In 1996, a peace agreement between the government and the rebel Moro National Liberation Front (MNLF) the first Moro armed separatist group was signed, allowing for the implementation of the 1976 Tripoli Agreement; this established some degree of autonomy in 13 provinces and nine cities in the southern Philippines. The agreement was, however, rejected by the Moro Islamic Liberation Front (MILF), a splinter group from the MNLF established in 1984 with a more religious agenda (USIP, 31 January 2005, p.5). The MILF, nevertheless, agreed to open discussions with the government and a ceasefire agreement was signed in 1997. It was, however, repeatedly violated in the following years.

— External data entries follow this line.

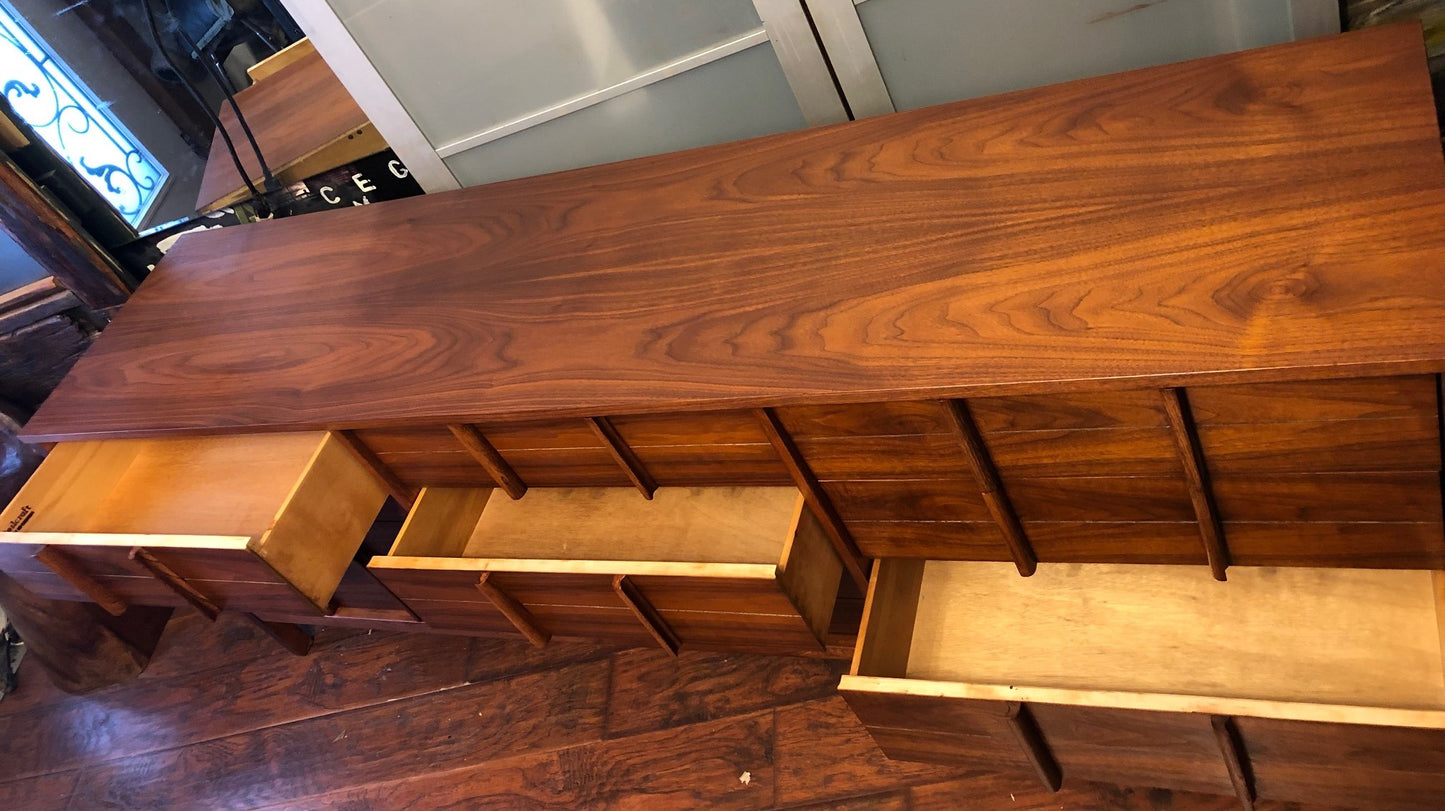 REFINISHED MCM Walnut Dresser 9 Drawers by Deilcraft 80” Perfect - Mid Century Modern Toronto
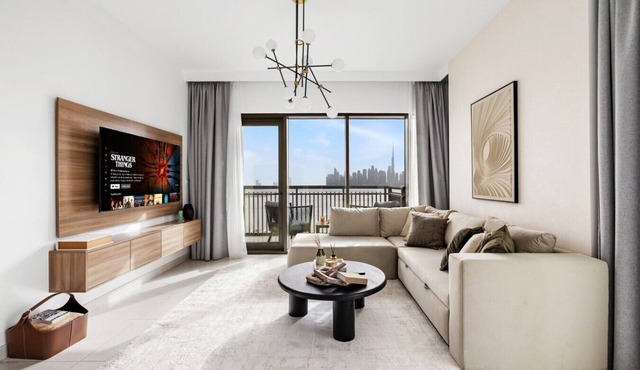 Luxury 3BR with Sea Views & Pool - Creekside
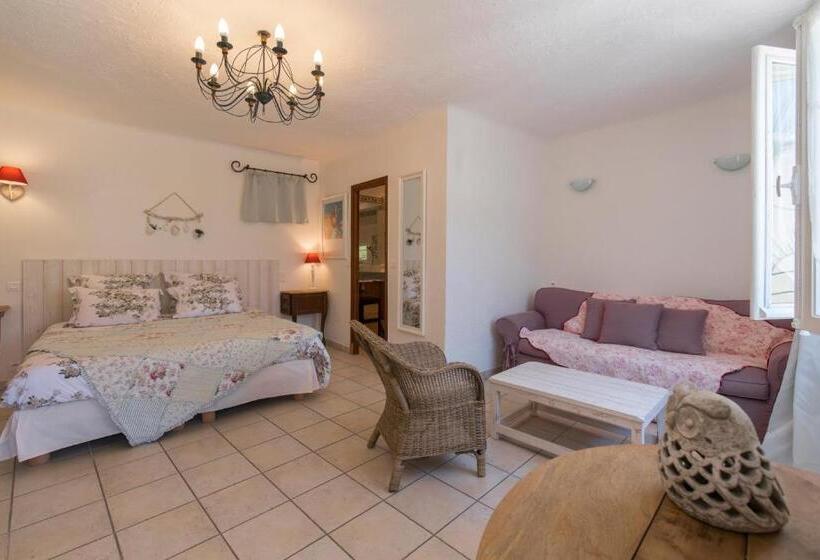 غرفة سوبيريور ثلاثية, Villa Roseraie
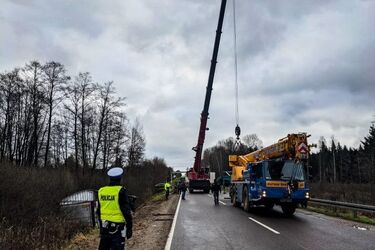 TIR w rowie. Utrudnienia na DK 65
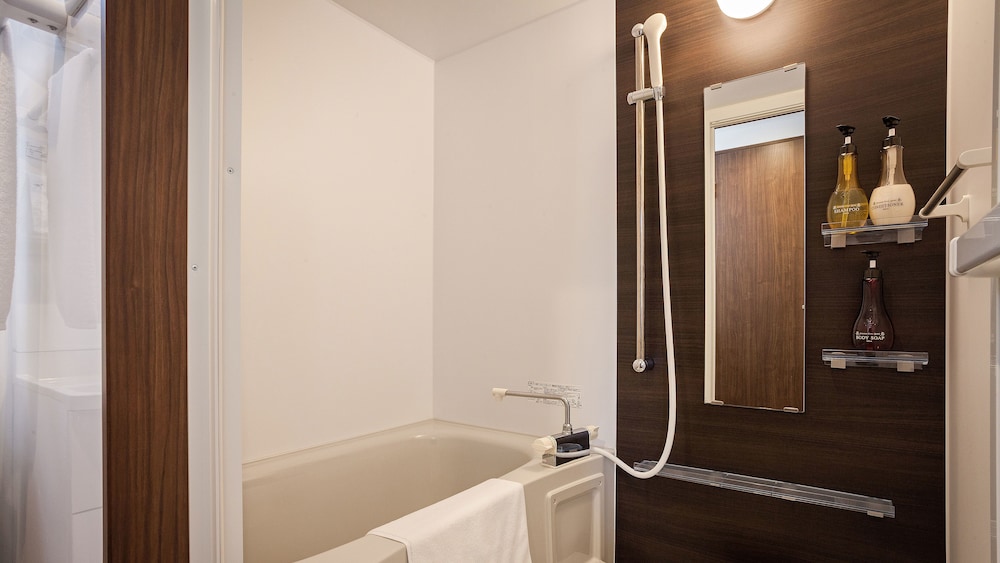 Large Twin Room - Photo 6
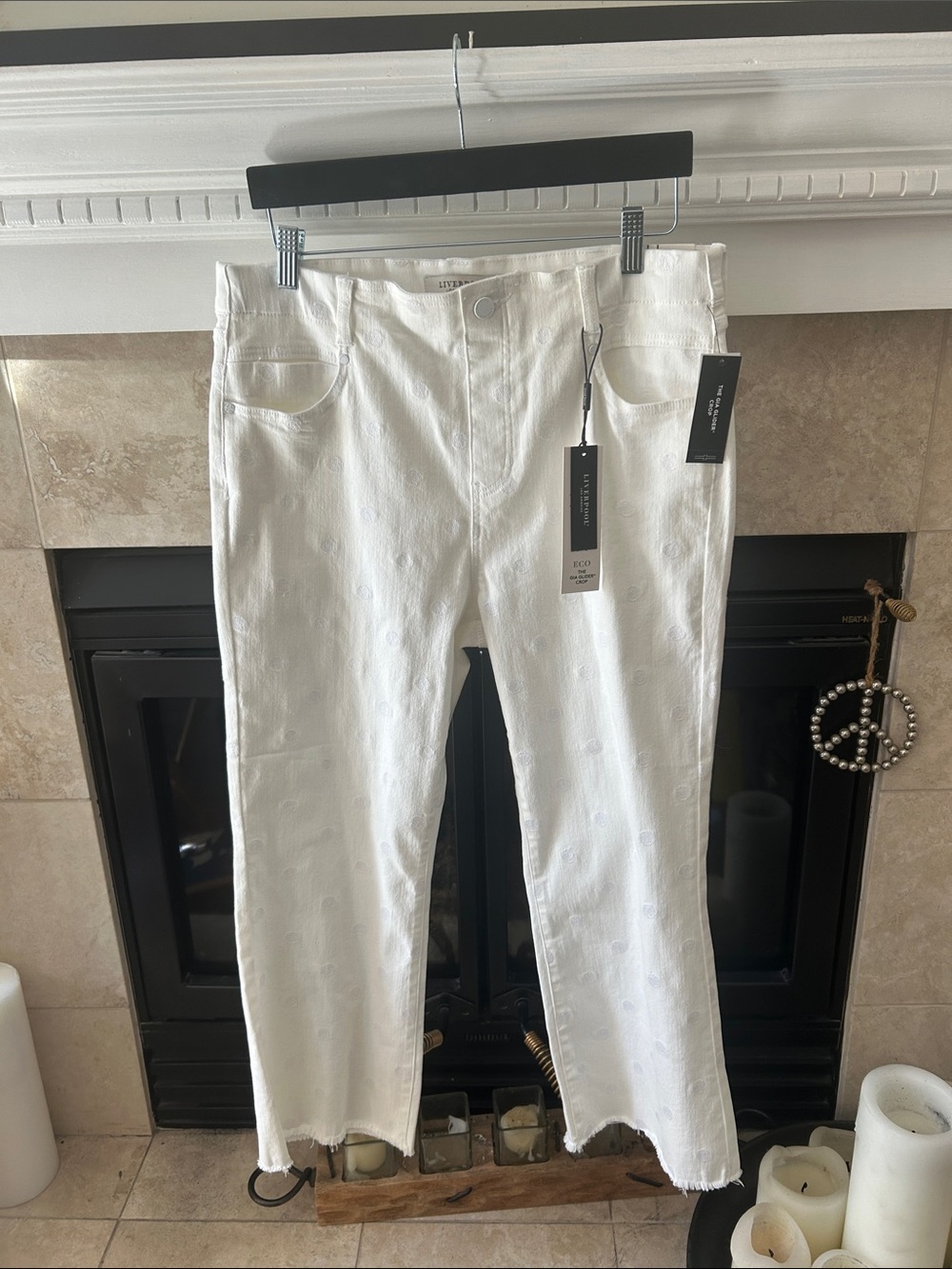 Liverpool White Gia Glider Crop Ankle Jeans with Subtle Dot Texture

Between 2000 and 2006, armed conflict in the Philippines caused the displacement of nearly two million people. The majority were displaced in Mindanao by two major military operations launched by the government in 2000 and 2003. A ceasefire agreed in July 2003 put an end to the fighting and allowed for the return of most of the displaced, despite conditions that were often not conducive to sustainable reintegration. Since then, improved dialogue and confidence-building measures established between the government and the MILF have prevented sporadic armed skirmishes and army operations against criminal gangs from turning into larger armed confrontations. Also, a Malaysian-led international monitoring team has been deployed in Mindanao since October 2004 and has helped to maintain the ceasefire.
Despite a third year in a row without a major armed confrontation between the government and the MILF, continued tension and intermittent armed clashes have during 2006 continued to displace tens of thousands of people, further delaying the signing of a final peace agreement. The main bone of contention continues to be the issue of ancestral domain, or the territorial coverage of the future Moro homeland. While armed encounters between the government and the MILF have been decreasing since 2003, those with the communist rebels of the NPA have been on the increase, in particular during 2005 and 2006 when President Gloria Arroyo declared an all-out war against the NPA. Peace talks between the communist insurgents and the government have stalled since August 2004 and look unlikely to resume anytime soon.